Task >>
Where the entries below show "1976 P D S S", begin there and print that line and all following lines exactly, through the last, omitting pictures.

Records for the task >>

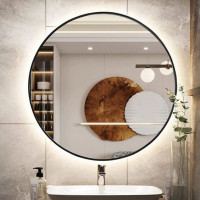 Зеркало с подсветкой для ванной комнаты Мун Блэк 135 см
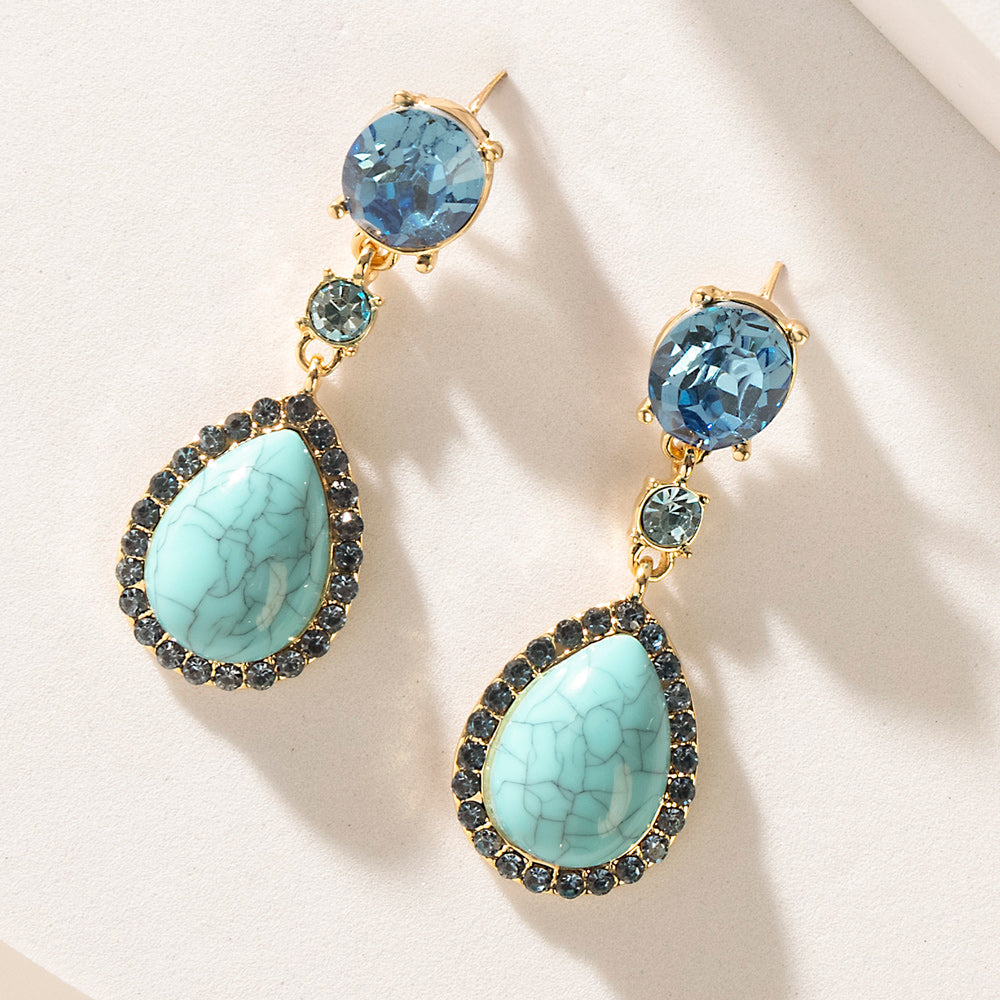 Myra Prairie Sunstar Earrings for Women in sky blue for everyday wear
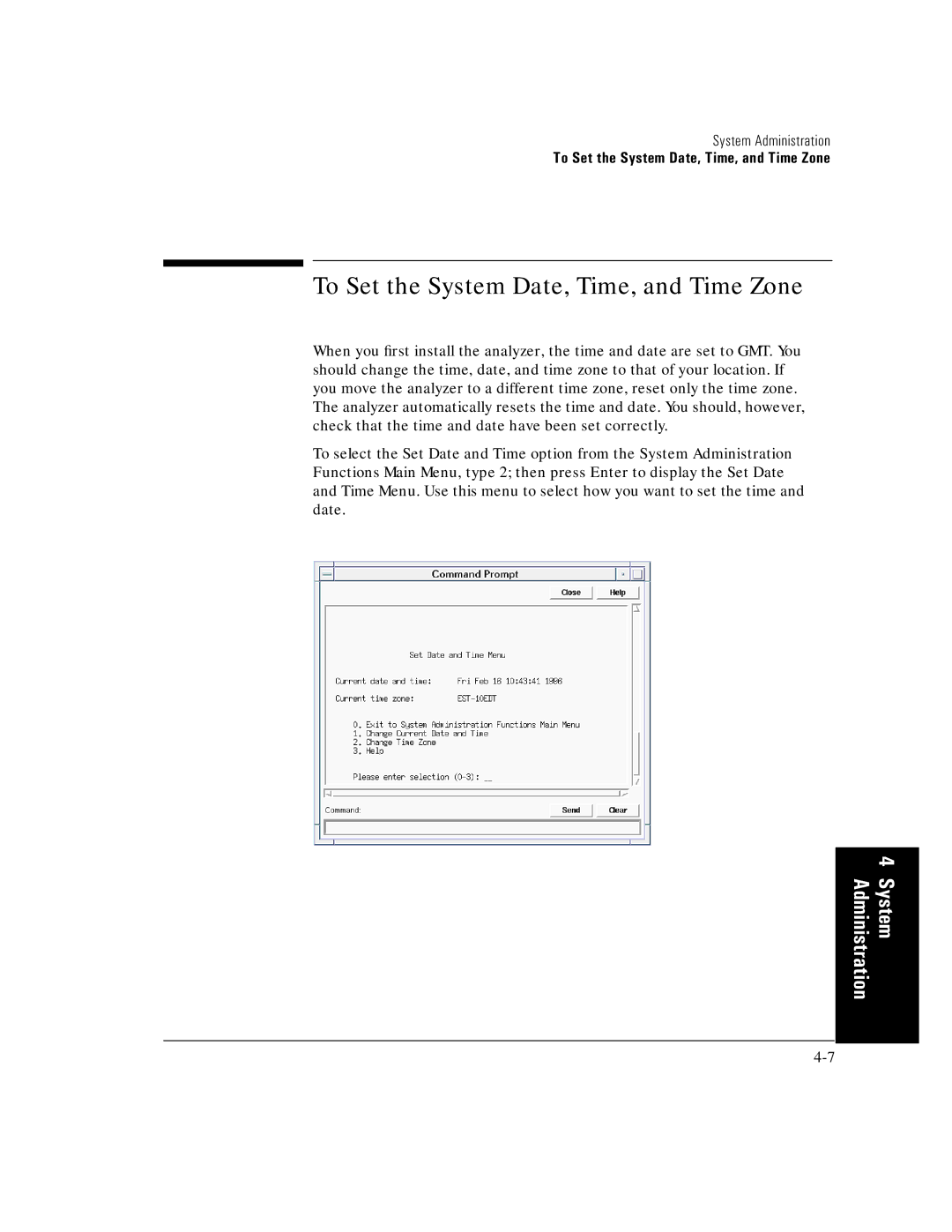 HP E5200A manual To Set the System Date, Time, and Time Zone 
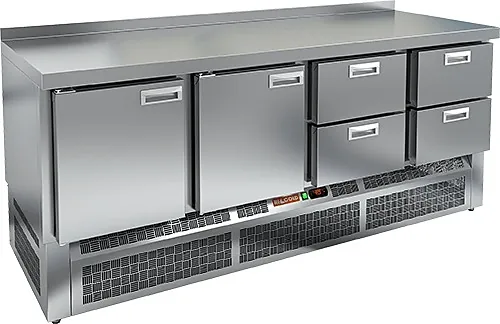 Столы морозильные GNE 1122/BT стол охл.(-10-18), 2 двери, 4 ящика, 1970х700х850мм, ниж.распол.агрегата, HICOLD RUS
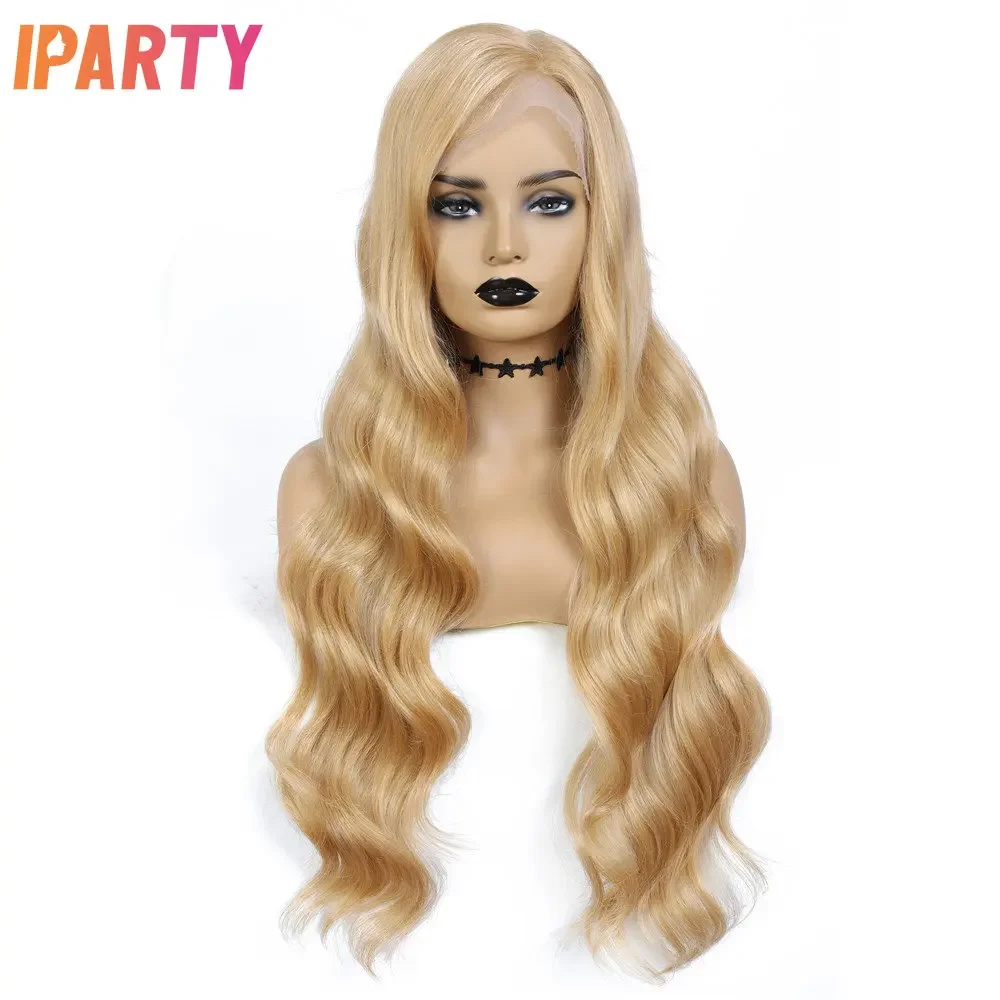 

Iparty Blonde Color Long Wavy Wig 30 Inches Side Part Synthetic Lace Heat Resistant Fibers Wigs For Women Daily Use Party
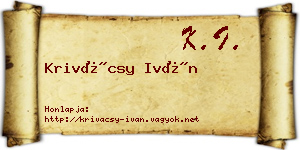 Krivácsy Iván névjegykártya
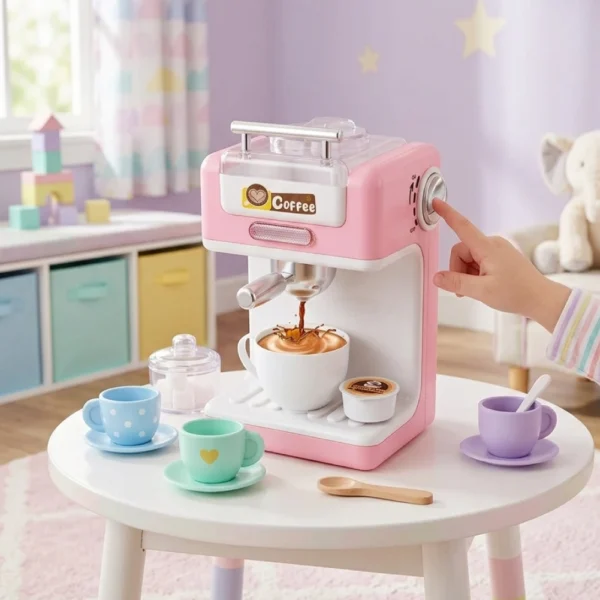 Cafetera Expreso de Juguete Rosa con Luz y Sonido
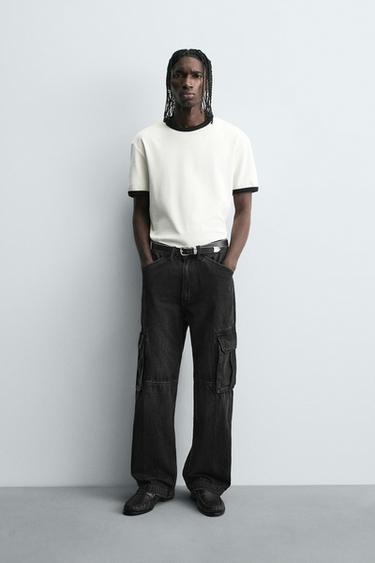 JEANS CARGO STRAIGHT FIT - Negru de la Zara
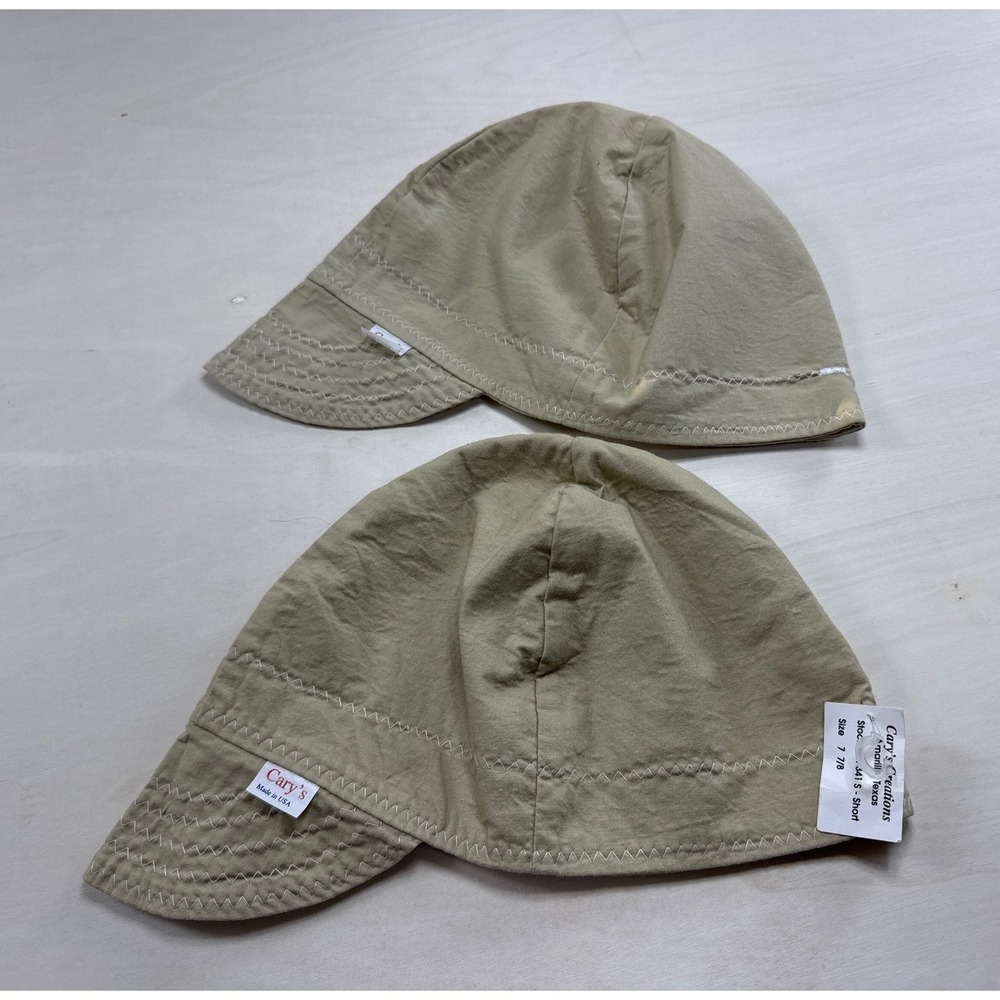 Cary's Creations Welding Caps‎ Lot of 2 Tan Khaki Size 7 7/8 Made in USA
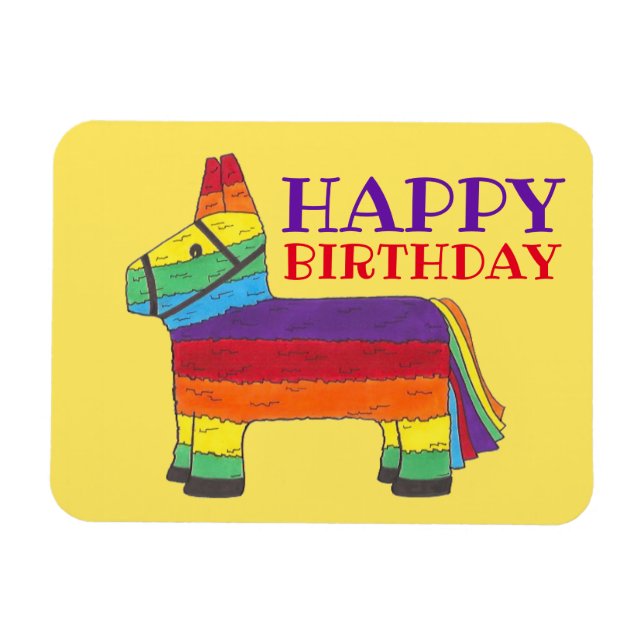 Magnet Flexible Joyeux anniversaire Rainbow Donkey Pinata Fiesta P (Horizontal)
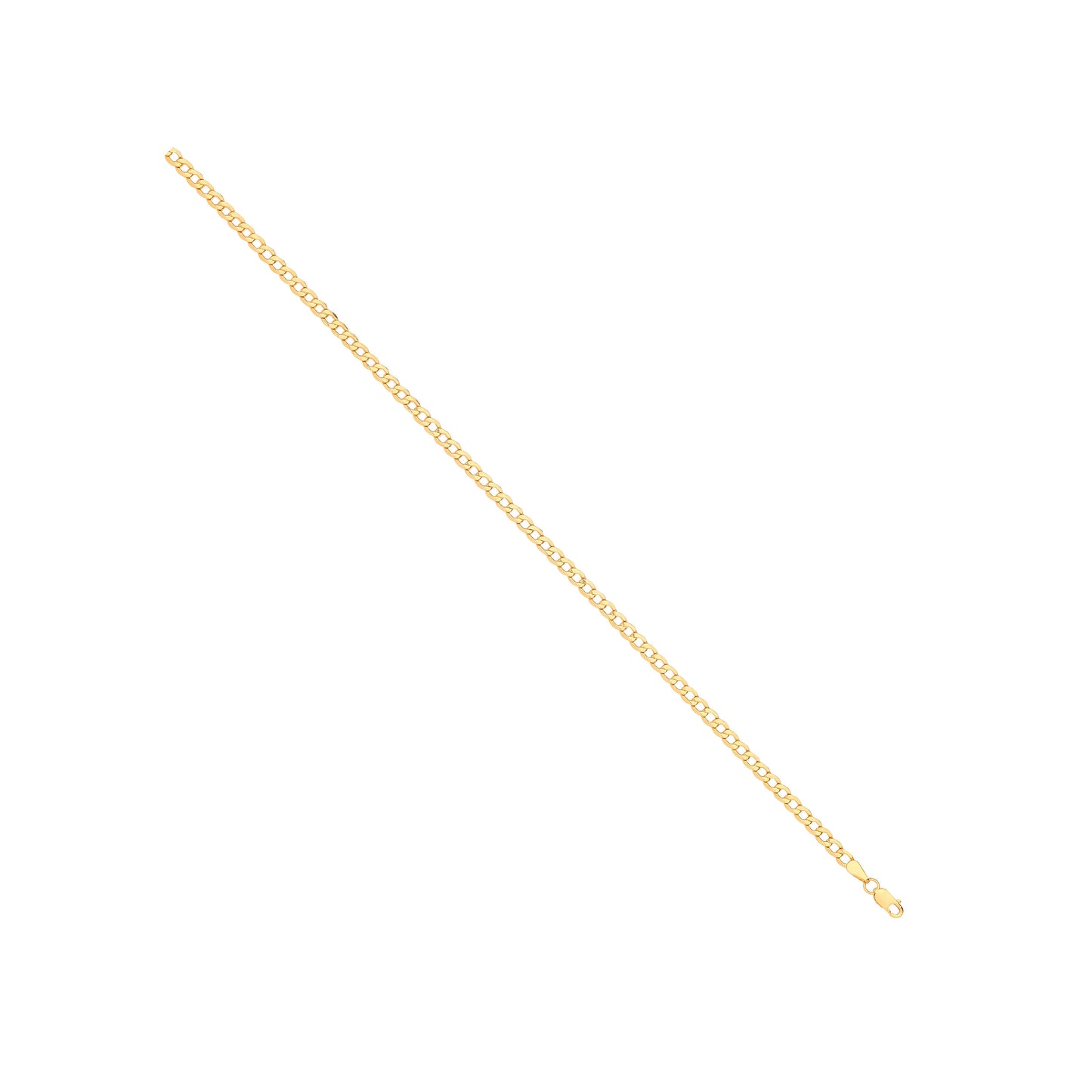 14ct Yellow Gold Hollow Beveled Curb 3.5mm Chain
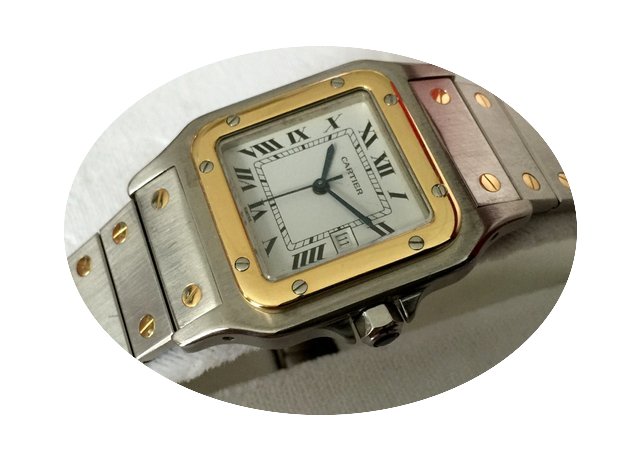Cartier Santos Gold Steel White Roman Di...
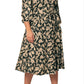 Vestido midi com manga balão floral Iman da Leota para mulheres, marrom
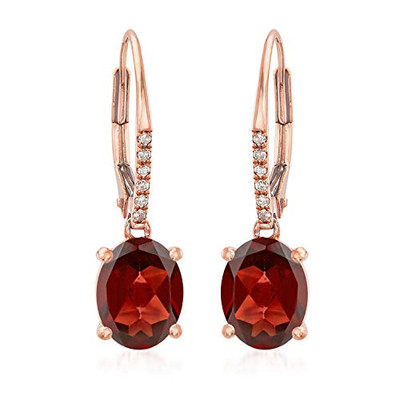 Ohrhänger 14 Kt Rotgold roter Granat Diamant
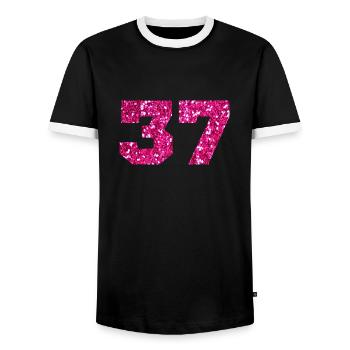 Numéro 37 paillettes rose - 37e anniversaire - T-shirt contrasté Homme - noir/blanc - Devant - AI Model Female 172 light (172cm) & AI Model Male 178 light (178cm)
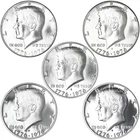 1976 P D S S Silver & Clad Proof and BU Kennedy Half Dollar Year Set 5 Coin Set
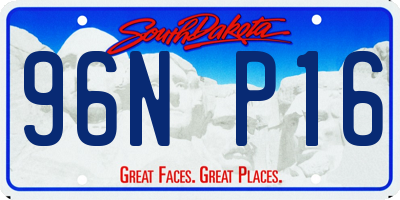 SD license plate 96NP16
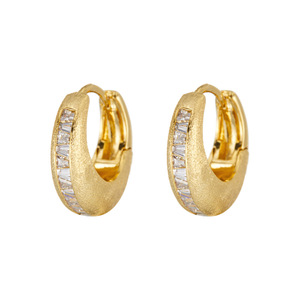 Huggie Earrings Cubic Zirconia Channel Setting Silver Tone Women's Fashion Jewelry Everyday Wear Geometric Design - Product Image 5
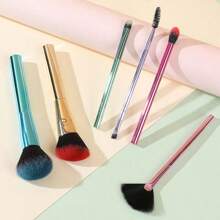 مجموعة من 6 فرش مكياج ذات مقابض متلونة مطلية بالكهرباء، فرش مكياج محمولة للأساس والظلال والرموش، أدوات تجميل فريدة وأنيقة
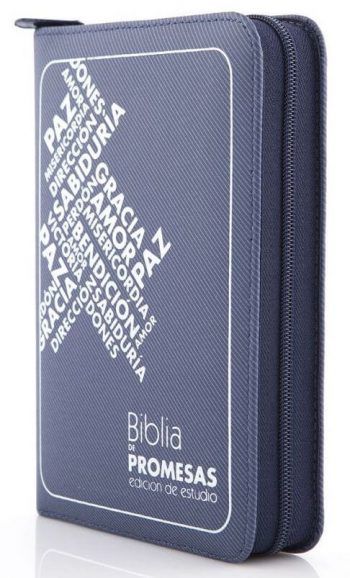 Biblia de promesas edición de estudio con cierre azul Reina Valera 1960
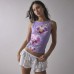 Digital Print Sleeveless Tank Fitted Design Outerwear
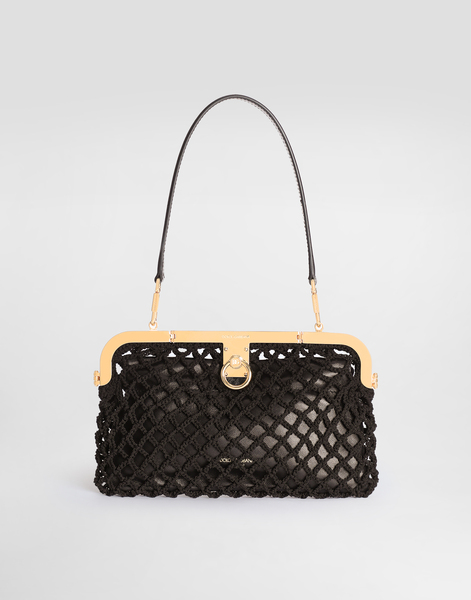  Dolce & Gabbana Dolce & Gabbana Amanda Handbag In Mesh And Palmellato Calfskin - Woman Shoulder And Crossbody Bags Black Onesize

Answer box >>
 1976 P D S S Silver & Clad Proof and BU Kennedy Half Dollar Year Set 5 Coin Set
 SD license plate 96NP16
 Huggie Earrings Cubic Zirconia Channel Setting Silver Tone Women's Fashion Jewelry Everyday Wear Geometric Design - Product Image 5
 مجموعة من 6 فرش مكياج ذات مقابض متلونة مطلية بالكهرباء، فرش مكياج محمولة للأساس والظلال والرموش، أدوات تجميل فريدة وأنيقة
 Biblia de promesas edición de estudio con cierre azul Reina Valera 1960
 Digital Print Sleeveless Tank Fitted Design Outerwear
  Dolce & Gabbana Dolce & Gabbana Amanda Handbag In Mesh And Palmellato Calfskin - Woman Shoulder And Crossbody Bags Black Onesize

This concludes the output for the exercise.